The exchange rate, currently projected at $/₦1,500, is another critical factor. A stable exchange rate is essential for controlling imported inflation, given Nigeria’s heavy reliance on imports for both consumer goods and industrial inputs. To achieve its target, the Government would need to implement policies that enhance foreign exchange liquidity, reduce dependency on imports, and promote local production. The Central Bank’s intervention in the foreign exchange market, coupled with measures to boost export earnings, would play a vital role.

However, with ongoing fiscal pressures, subsidy removals, and global economic uncertainties, meeting both the inflation and exchange rate targets may be challenging. Where inflation moderates somewhat, reaching a 15% target by 2025 might be overly optimistic unless there is a significant shift in policy direction and economic management. While the Government’s targets are commendable, achieving them would require extraordinary measures and a stable macroeconomic environment. As for yields, their trajectory will depend on how well inflation is managed and whether investor confidence in government instruments improves in light of these efforts.

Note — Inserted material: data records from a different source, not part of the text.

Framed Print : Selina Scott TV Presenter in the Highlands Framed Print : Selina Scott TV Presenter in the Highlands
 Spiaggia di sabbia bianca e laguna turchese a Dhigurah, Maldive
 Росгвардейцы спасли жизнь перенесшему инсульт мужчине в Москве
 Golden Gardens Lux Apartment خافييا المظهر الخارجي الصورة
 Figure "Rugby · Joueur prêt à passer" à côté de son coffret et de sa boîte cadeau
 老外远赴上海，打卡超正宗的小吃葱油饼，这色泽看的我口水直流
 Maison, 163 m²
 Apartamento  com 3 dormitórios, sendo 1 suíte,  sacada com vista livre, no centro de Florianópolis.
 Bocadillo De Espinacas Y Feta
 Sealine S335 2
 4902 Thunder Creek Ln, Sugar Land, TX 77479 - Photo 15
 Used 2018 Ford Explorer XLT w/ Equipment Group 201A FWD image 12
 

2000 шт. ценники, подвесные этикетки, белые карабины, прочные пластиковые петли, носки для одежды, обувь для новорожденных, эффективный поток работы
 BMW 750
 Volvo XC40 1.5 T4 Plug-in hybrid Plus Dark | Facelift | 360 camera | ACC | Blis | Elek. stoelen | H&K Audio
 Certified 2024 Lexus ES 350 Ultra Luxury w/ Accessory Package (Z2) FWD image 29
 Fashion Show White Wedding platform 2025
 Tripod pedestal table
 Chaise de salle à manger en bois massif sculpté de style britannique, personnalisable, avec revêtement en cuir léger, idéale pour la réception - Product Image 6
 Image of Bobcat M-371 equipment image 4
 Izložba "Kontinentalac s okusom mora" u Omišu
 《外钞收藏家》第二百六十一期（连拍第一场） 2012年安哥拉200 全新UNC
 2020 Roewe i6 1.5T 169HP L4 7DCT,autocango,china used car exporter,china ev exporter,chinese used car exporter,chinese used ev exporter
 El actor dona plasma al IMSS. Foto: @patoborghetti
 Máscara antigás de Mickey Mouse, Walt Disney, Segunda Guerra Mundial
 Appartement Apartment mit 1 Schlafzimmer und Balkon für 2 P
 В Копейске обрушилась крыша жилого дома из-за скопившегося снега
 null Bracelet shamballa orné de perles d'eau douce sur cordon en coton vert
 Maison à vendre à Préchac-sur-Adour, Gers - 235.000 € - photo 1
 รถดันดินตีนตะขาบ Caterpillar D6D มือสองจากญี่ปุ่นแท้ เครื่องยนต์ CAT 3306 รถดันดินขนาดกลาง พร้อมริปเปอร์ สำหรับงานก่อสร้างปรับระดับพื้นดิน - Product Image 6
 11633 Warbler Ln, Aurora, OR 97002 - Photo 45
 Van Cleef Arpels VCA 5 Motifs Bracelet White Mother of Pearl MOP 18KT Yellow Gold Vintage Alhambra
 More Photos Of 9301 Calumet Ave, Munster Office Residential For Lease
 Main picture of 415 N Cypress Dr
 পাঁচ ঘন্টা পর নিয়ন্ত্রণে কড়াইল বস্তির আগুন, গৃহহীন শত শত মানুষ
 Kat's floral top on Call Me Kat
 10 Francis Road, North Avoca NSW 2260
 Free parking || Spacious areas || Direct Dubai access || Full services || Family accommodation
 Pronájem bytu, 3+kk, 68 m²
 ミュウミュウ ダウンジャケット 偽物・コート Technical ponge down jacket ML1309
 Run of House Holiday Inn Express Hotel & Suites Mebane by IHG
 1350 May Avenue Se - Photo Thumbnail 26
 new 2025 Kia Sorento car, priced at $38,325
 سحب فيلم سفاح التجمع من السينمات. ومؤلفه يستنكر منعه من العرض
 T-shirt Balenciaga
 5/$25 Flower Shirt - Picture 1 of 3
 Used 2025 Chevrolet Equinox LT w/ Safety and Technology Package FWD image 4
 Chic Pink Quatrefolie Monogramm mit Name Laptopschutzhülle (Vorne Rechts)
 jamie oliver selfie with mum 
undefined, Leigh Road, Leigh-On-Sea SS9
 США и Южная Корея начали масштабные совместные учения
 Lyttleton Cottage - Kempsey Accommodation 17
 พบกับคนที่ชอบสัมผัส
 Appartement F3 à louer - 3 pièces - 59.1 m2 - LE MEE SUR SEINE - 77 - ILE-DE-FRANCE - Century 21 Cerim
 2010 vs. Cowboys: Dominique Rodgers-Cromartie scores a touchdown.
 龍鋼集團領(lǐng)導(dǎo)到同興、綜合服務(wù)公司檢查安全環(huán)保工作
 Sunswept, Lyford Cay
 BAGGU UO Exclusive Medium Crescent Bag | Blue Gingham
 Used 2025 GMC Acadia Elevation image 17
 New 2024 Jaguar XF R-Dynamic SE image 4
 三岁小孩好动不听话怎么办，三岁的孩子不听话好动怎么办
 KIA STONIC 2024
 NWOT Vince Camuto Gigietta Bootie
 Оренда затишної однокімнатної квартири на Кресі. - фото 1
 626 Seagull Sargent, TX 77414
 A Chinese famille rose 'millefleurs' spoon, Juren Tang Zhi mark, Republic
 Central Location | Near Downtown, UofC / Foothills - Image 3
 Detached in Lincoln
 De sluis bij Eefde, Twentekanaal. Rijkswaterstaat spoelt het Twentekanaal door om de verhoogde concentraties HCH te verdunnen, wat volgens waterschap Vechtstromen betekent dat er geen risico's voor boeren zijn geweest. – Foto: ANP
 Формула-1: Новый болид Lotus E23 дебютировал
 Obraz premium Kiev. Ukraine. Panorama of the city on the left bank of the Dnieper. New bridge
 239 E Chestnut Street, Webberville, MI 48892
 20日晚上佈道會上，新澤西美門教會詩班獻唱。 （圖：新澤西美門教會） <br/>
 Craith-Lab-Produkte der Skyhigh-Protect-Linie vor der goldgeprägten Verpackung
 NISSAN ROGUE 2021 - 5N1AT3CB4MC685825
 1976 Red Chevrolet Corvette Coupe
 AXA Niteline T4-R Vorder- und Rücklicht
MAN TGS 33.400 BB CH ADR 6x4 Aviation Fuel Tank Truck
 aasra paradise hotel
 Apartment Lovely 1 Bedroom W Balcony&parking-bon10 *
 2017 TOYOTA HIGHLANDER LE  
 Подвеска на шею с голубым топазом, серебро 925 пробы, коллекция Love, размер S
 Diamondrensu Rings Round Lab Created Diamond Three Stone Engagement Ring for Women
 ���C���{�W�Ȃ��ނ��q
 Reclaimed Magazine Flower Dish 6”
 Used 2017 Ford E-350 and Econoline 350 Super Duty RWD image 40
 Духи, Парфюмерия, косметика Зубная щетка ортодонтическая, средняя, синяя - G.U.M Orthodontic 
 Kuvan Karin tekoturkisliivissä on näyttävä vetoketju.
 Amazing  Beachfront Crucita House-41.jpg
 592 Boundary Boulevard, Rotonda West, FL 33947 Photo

During the President’s New Year address, the President praised the impressive performance of the Nigerian stock market in 2024, which generated trillions of Naira in wealth. This remarkable growth alongside increased foreign investment inflows, signals renewed global confidence in the nation’s evolving economic outlook.

Additionally, President Tinubu acknowledged the severe strain that escalating food and essential drug prices have placed on many Nigerian households, pledging that 2025 would witness concerted efforts to ease this burden through targeted interventions and reforms aimed at boosting supply chains and improving price stability.

Sequel to the commendations from the World Bank on Nigeria’s bold macroeconomic policy steps and emphasis on the difficult, but necessary decisions being implemented to achieve long-term fiscal and monetary stability, it is agreed that such measures are crucial and would contribute to laying the groundwork for inclusive and sustainable growth in this new year.

What Lies Ahead

In 2024, the Nigerian Treasury Bills (NTBs) auctions witnessed a blend of stability and fluctuations, with stop rates oscillating throughout the year and peaking at around 23%. As the markets gear up for the first NTBs auction of 2025 on Wednesday, with a total offer of ₦74.406 billion, there are growing expectations of how rates may respond to prevailing economic conditions.

Given the economic backdrop, including inflationary pressures and monetary policy adjustments, market participants may anticipate a cautious approach from the Debt Management Office. The likelihood of a marginal upward movement in stop rates cannot be ruled out, particularly where liquidity remains tight or where inflationary concerns persist. Conversely, if there is sufficient demand from investors, particularly banks and pension fund administrators seeking short-term instruments, stop rates could stabilise or even decline slightly.

Another factor that could influence the outcome is the Central Bank’s stance on interest rates and its intervention in the open market. Should the apex bank maintain a hawkish policy, rates may trend upwards, reflecting broader efforts to curb inflation. In contrast, any indication of policy easing could provide room for lower yields.

For commodities, global oil prices fluctuated throughout the previous year, driven by geopolitical tensions in the Middle East and reduced demand from China. On the first trading day of 2025, Brent crude rose marginally by 0.06% to $74.80 per barrel, while WTI crude gained 0.26%, closing at $71.91 per barrel.

The Nigerian government’s 2025 budget also assumed an oil price benchmark of $75 per barrel, alongside a production target of over 2 million barrels per day. Achieving these targets will be crucial for sustaining revenue growth and reducing fiscal pressure in the coming year.